---------- DATA PROVIDED ----------

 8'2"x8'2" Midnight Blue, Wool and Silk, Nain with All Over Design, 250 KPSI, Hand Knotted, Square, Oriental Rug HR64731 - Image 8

----------
---------- DATA PROVIDED ----------

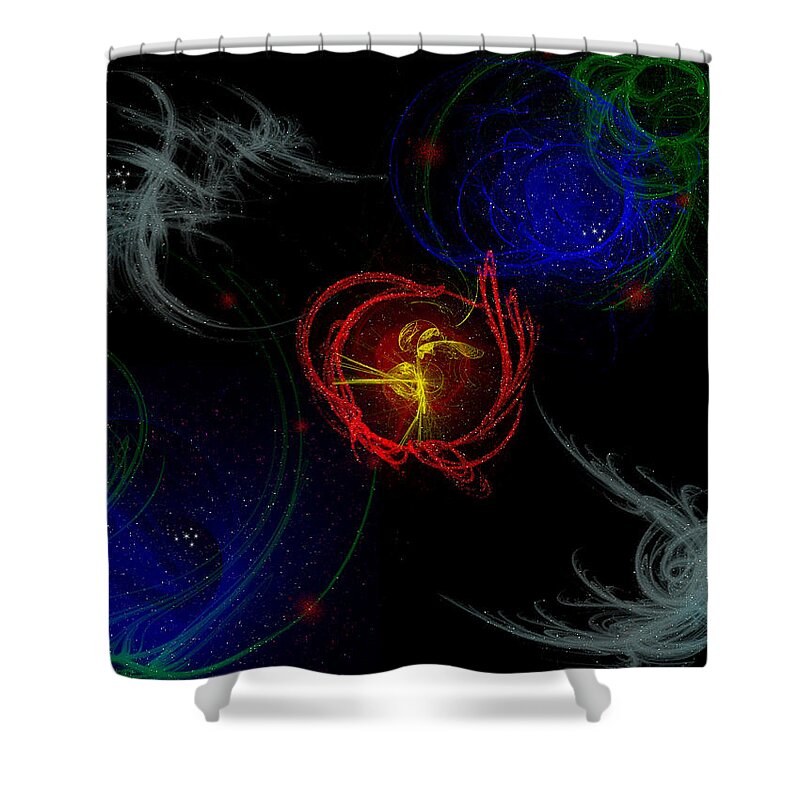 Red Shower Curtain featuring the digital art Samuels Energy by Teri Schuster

----------
---------- DATA PROVIDED ----------

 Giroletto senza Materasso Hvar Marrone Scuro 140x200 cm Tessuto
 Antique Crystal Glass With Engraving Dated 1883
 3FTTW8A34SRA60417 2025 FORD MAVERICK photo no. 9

----------

* [TASK GOAL]
Only one part of the material above is to be transcribed, namely the lines starting with the line that has "Antique Crystal Glass" and going on through the line that has "3FTTW8A34SRA60417 2025 FORD", exactly as they stand.

* [ANSWER TO THIS EXERCISE]
 Antique Crystal Glass With Engraving Dated 1883
 3FTTW8A34SRA60417 2025 FORD MAVERICK photo no. 9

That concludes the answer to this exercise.